┌─ Task inputs
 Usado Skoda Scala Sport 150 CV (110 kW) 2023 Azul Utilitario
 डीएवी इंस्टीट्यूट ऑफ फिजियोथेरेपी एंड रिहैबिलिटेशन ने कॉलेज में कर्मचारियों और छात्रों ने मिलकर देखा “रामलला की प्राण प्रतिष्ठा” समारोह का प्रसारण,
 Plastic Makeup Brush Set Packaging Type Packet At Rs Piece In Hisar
└─
┌─ Task inputs
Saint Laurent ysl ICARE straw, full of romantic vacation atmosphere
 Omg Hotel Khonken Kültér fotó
└─
┌─ Task inputs
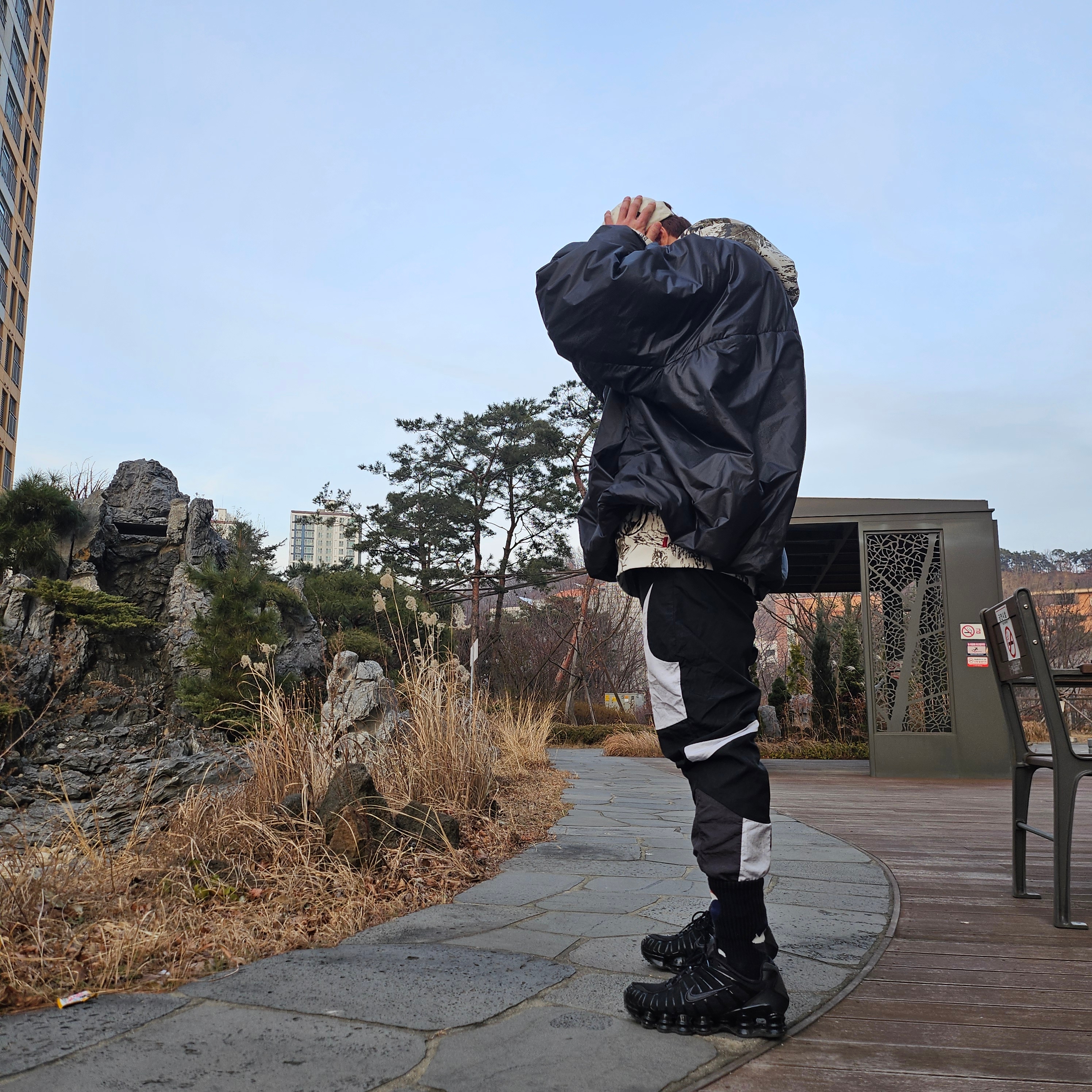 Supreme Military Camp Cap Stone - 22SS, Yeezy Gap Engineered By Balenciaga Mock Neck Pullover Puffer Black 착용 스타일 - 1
└─
• What to produce: From the material above, retype precisely the lines between the line holding "Usado Skoda Scala" and the line holding "Plastic Makeup Brush", inclusive, and nothing beyond them.

• Exercise output:
 Usado Skoda Scala Sport 150 CV (110 kW) 2023 Azul Utilitario
 डीएवी इंस्टीट्यूट ऑफ फिजियोथेरेपी एंड रिहैबिलिटेशन ने कॉलेज में कर्मचारियों और छात्रों ने मिलकर देखा “रामलला की प्राण प्रतिष्ठा” समारोह का प्रसारण,
 Plastic Makeup Brush Set Packaging Type Packet At Rs Piece In Hisar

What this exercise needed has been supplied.